A major limitation of conventional techniques is poor time resolution. Current methods cannot detect changes within 4 hours due to the slow RNA decay rate in human cells (average 10 hour half-life). As a result, the causal order of events of faster cellular processes is obfuscated. This significantly complicates causal inference as models fail to distinguish primary and secondary effects.
Right now most companies are hoping that larger datasets and better models can solve this problem. At Hypergraph Bio, we generate datasets capable of quantifying RNA changes within 10 minutes, allowing us to distinguish primary and secondary effects using time. This dramatic improvement is achieved by tracking RNA synthesis rather than total RNA. See our manuscript.

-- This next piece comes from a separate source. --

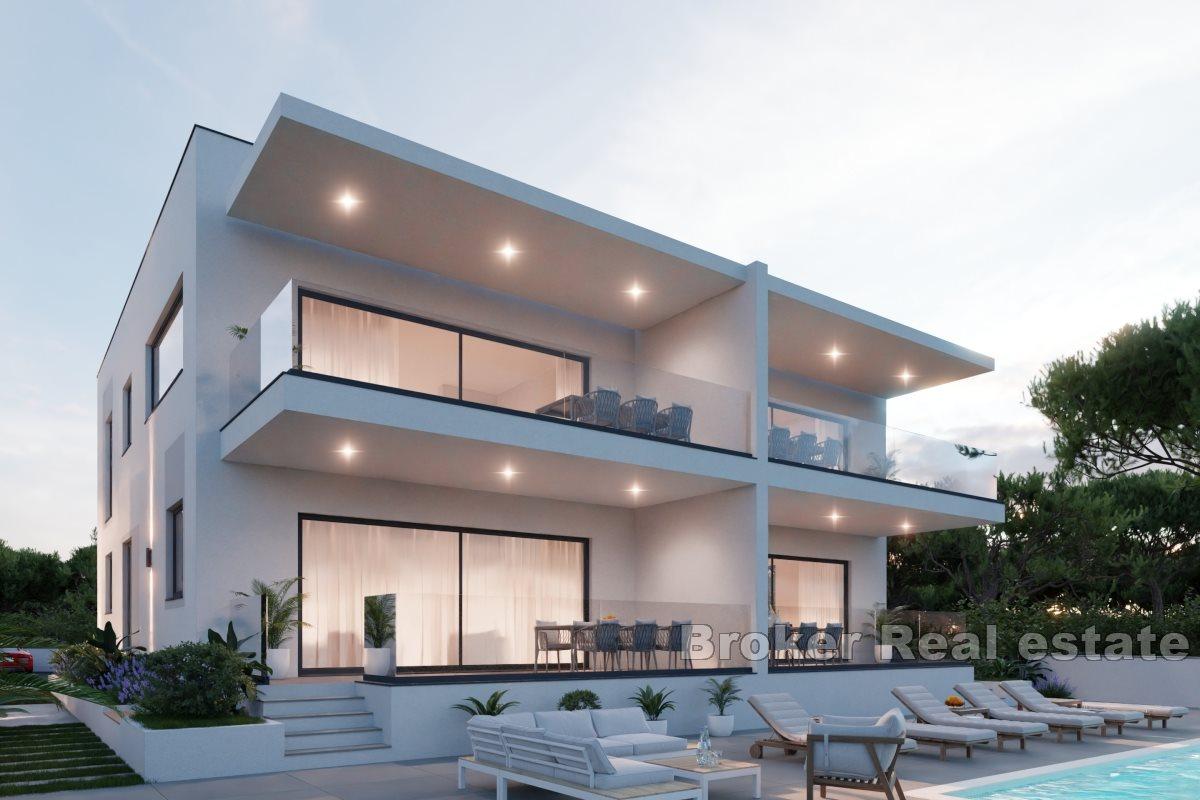 Modern apartments in a new building with a pool and a view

Inferring molecule networks from sequence
Theoretically, we know that genomes contain all the information necessary to clone an individual. So why can't we learn how to create digital clones, similar to how AlphaFold can predict protein structure from sequence? First, we have to understand how to "decompress" the genome into a data structure we can understand and compare across species. There are encouraging signs that this may, in fact, be possible: AlphaFold was recently used to predict all protein interactions. If similar efforts can resolve DNA and RNA interactions, we will finally have a complete first-draft map of all possible molecular interactions inferred directly from sequence. The final challenge will be parsing this map into specific cellular programs: not all proteins are in use at any given time, and different combinations can rewire interaction partners. From this perspective, it will be a key milestone to identify all molecular interactions from genome sequence on the path to building virtual cells.
Conclusion
Bioengineering is on the cusp of a golden age. Machine learning can dramatically accelerate progress by accurately simulating cells, organs or whole animals. Recent approaches create social networks of molecules to understand cause and effect without full atomic simulation. Once complete, these maps can be used to predict cell behavior, dramatically reducing the expense and labor required for biological research. Virtual cell models may soon supercharge bioengineering as radically as the development of personalized computers empowered software engineering.